*Task prompt*: In the records below, find the line containing "三角洲行动:新手车队战术指南,精选三类高效兵种组合推荐策略 三角洲行动:新手车队战术指南,精选三类高效兵种组合推荐策略" and repeat it and every line after it exactly, without pictures.
(Data records begins)
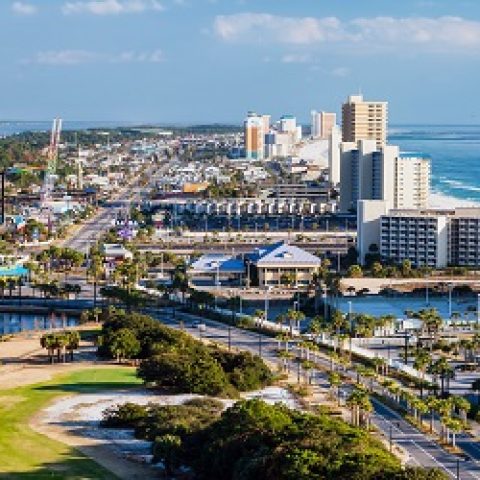 PAN_PanamaCity_PanamaBeachView_shutterstock_235011739_freewithcredit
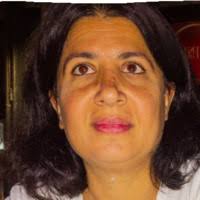 Daniel Farage Email & Phone Number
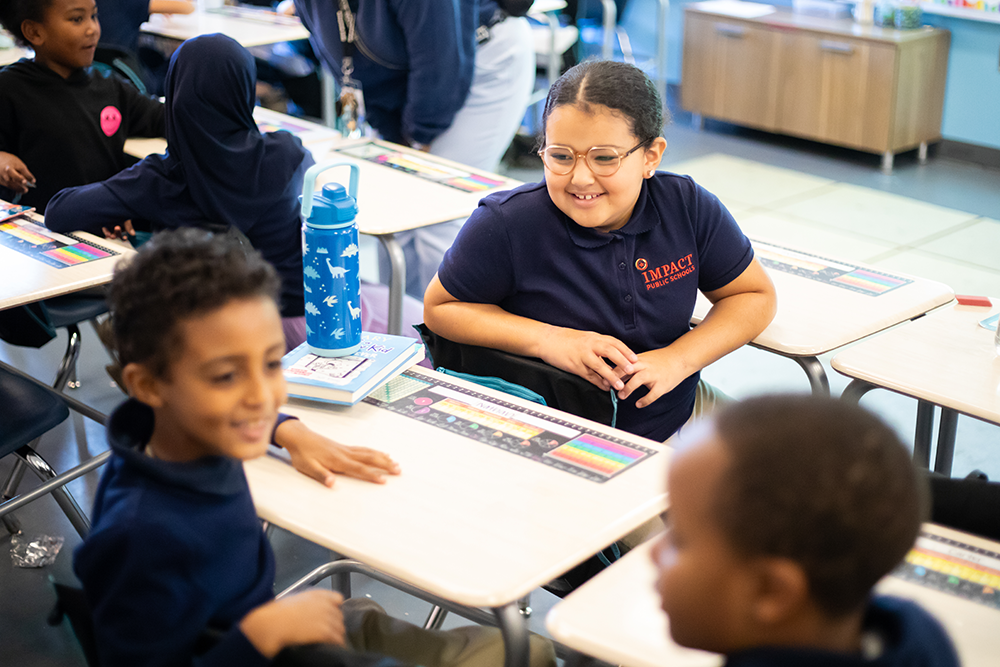 20241001_SB_Tukwila-Impact_1476 low res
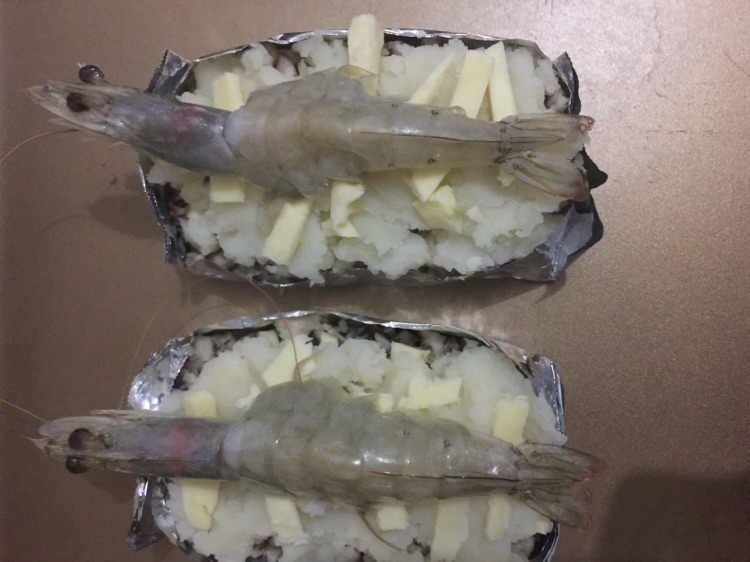 奶酪塔的做法图解5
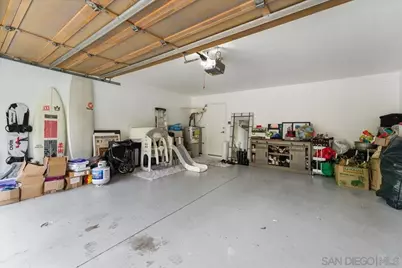  29585 Circle R Greens, Escondido, CA 92026 - Photo 25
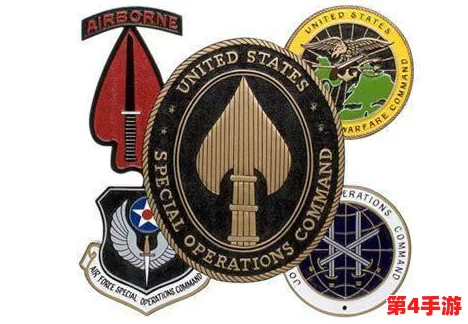 三角洲行动:新手车队战术指南,精选三类高效兵种组合推荐策略 三角洲行动:新手车队战术指南,精选三类高效兵种组合推荐策略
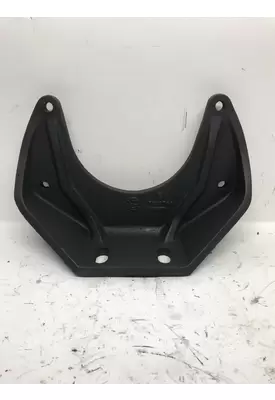 DETROIT DIESEL Series 60 DDEC II 12.7L Engine Mounts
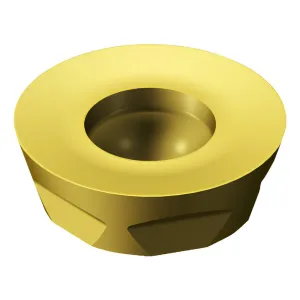 Product image for 5744477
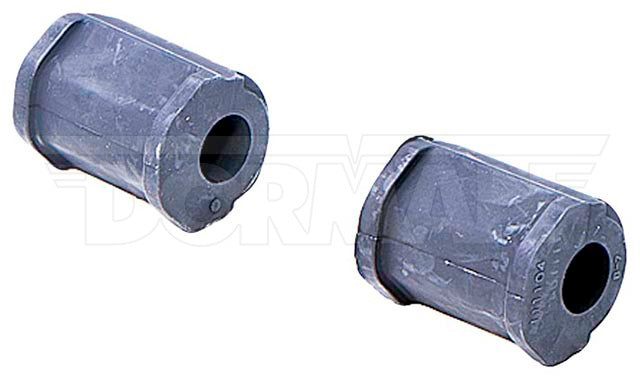 Dorman Mas Select Chassis Bsk64569 Stabilizer Bar Mount Bushing||bsk64569.Jpg||85||d18bsk64569||1081058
(Data records ends)
*Solution to the problem*:
 三角洲行动:新手车队战术指南,精选三类高效兵种组合推荐策略 三角洲行动:新手车队战术指南,精选三类高效兵种组合推荐策略
 DETROIT DIESEL Series 60 DDEC II 12.7L Engine Mounts
 Product image for 5744477
 Dorman Mas Select Chassis Bsk64569 Stabilizer Bar Mount Bushing||bsk64569.Jpg||85||d18bsk64569||1081058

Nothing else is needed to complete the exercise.